▸ What is expected:
Your answer should be a single number: how many lines of the material below contain "Paul".

**********

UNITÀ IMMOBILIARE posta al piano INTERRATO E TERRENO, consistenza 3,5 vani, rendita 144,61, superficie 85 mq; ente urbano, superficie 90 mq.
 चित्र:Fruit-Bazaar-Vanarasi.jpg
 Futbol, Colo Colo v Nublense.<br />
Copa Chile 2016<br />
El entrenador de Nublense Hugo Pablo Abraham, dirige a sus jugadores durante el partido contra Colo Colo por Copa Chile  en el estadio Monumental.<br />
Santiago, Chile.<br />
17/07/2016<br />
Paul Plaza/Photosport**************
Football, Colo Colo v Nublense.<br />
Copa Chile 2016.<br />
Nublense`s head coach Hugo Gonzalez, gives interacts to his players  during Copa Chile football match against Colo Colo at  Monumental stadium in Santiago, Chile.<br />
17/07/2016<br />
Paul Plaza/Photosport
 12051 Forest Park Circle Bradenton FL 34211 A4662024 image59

**********

▸ Response box:
2